IRC, a Russian iron ore miner that has been listed in Hong Kong since 2010, has agreed a $238 million share sale to two Chinese metals traders. The proceeds will help fund development of IRC’s flagship K&S mine and other projects.
The two investors are General Nice Development, one of China’s biggest iron ore importers, and Minmetals Cheerglory, a wholly owned subsidiary of China Minmetals, one of China’s biggest state-owned metals and mining companies.
They are paying an effective price of HK$0.94 a share, which is a 10% discount to the three-month average of HK$1.04. However, IRC’s price has rallied since December 19 last year, when it announced that it has exceeded its 2012 production targets. Based on the three months of trading before that announcement, the Chinese investors are paying a 9.6% premium.
After the completion of the investment, London-listed Petropavlovsk will own 40.4% and General Nice 31.4%, with an effective free float of 28.2%, including a 4.5% holding by Minmetals Cheerglory.
“[Iron ore] is a commodity that we are passionate about because it is the foundation of industrial growth in China,” said Cai Sui Xin, chairman of General Nice, in a statement. “We have grown to be one of the largest iron ore traders in China.
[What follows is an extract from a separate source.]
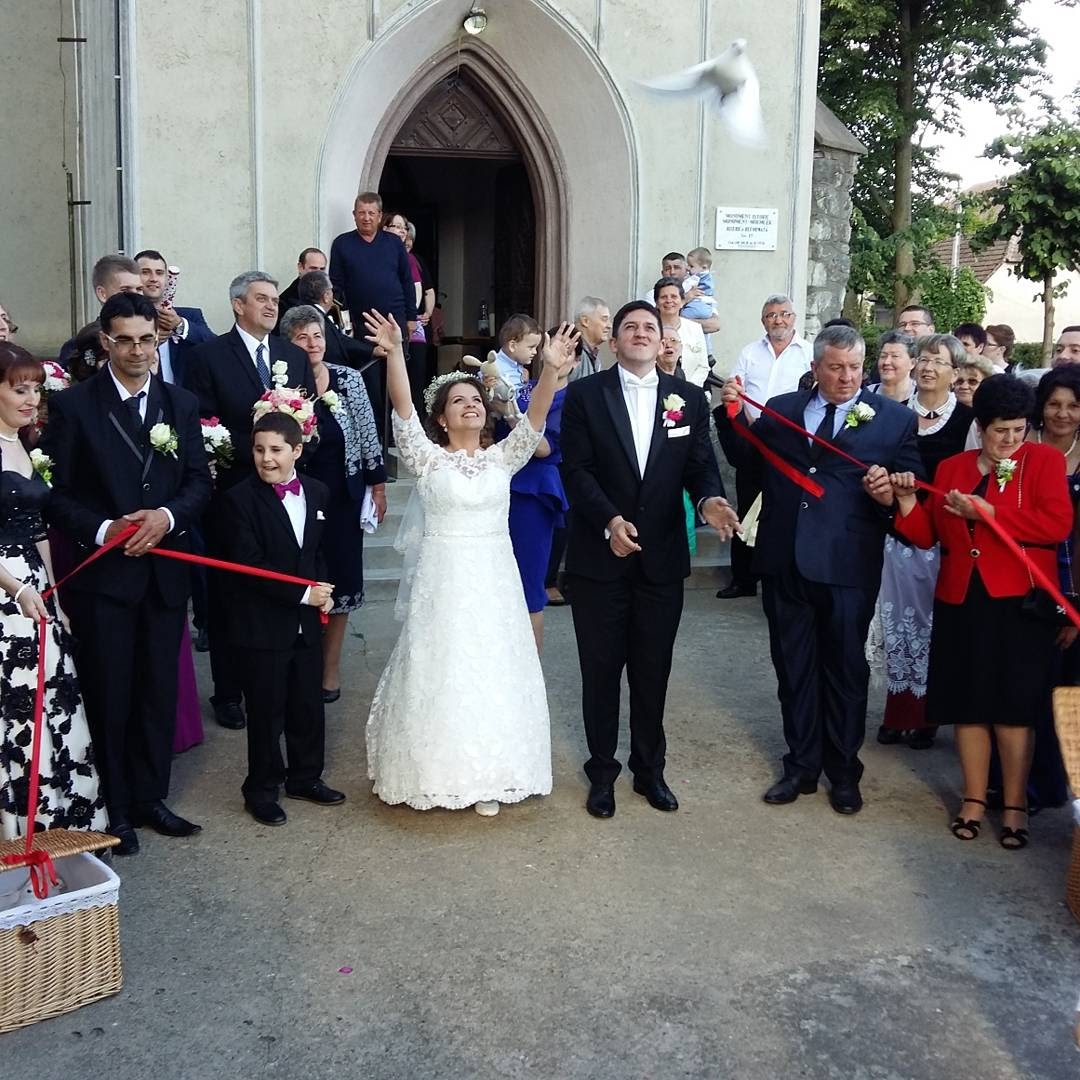 Porumbei Albi Nunți SATU MARE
The unique insight we have gained from this position has given us a firm view that ongoing increases in domestic iron ore demand, coupled with global supply constraints, suggest a positive outlook for the iron ore business.”
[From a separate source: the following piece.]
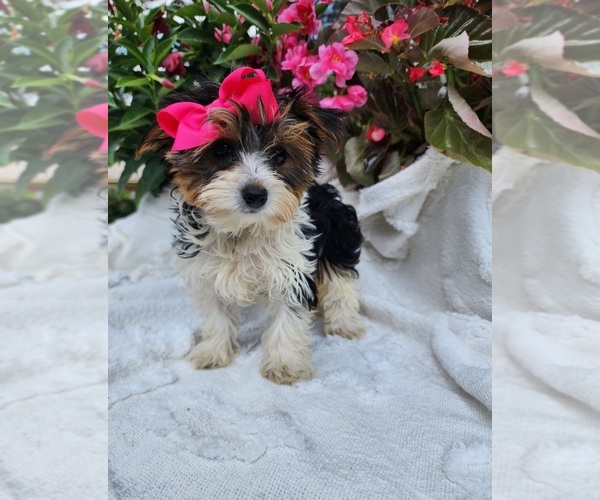 Medium Photo #6 Yorkshire Terrier Puppy For Sale in INDIANAPOLIS, IN, USA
The investment is structured in two phases, with the first $103.3 million tranche due to complete by April 2013, subject to shareholder approvals. The remaining $134.7 million will close in the second half of 2013.
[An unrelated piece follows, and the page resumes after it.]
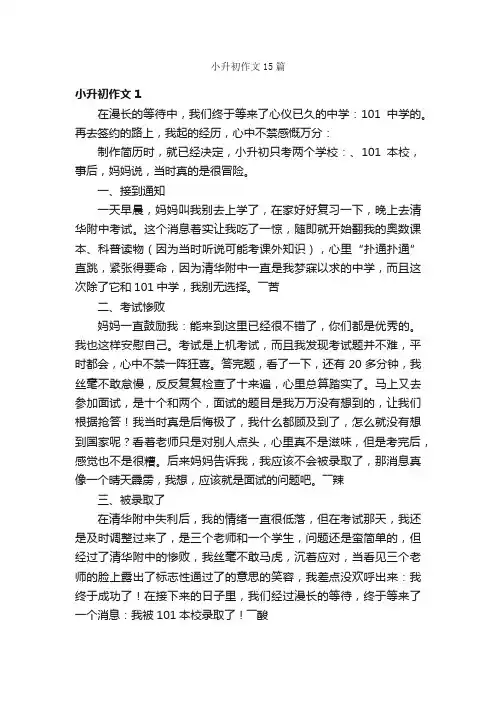 小升初作文15篇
The Chinese investors are expected to nominate board representatives in due course.
IRC has also entered into a 15-year off-take arrangement with the two companies, ensuring the supply of iron ore for China’s steelmakers and guaranteeing steady cash flow for IRC.
With mines in Russia’s Far East, IRC offers the cheapest supply of iron ore to China’s north-east. “I have long said that IRC benefits from the combined competitive advantages of geology, geography and infrastructure,” said Jay Hambro, executive chairman of IRC.
The company’s production is projected to grow from slightly less than 1 million tonnes of iron ore in 2012, to about 4.2 million tonnes a year when K&S enters production in the first half of 2014.
Deutsche Bank is advising IRC, while Rothschild and CCB International are advising the Chinese investors.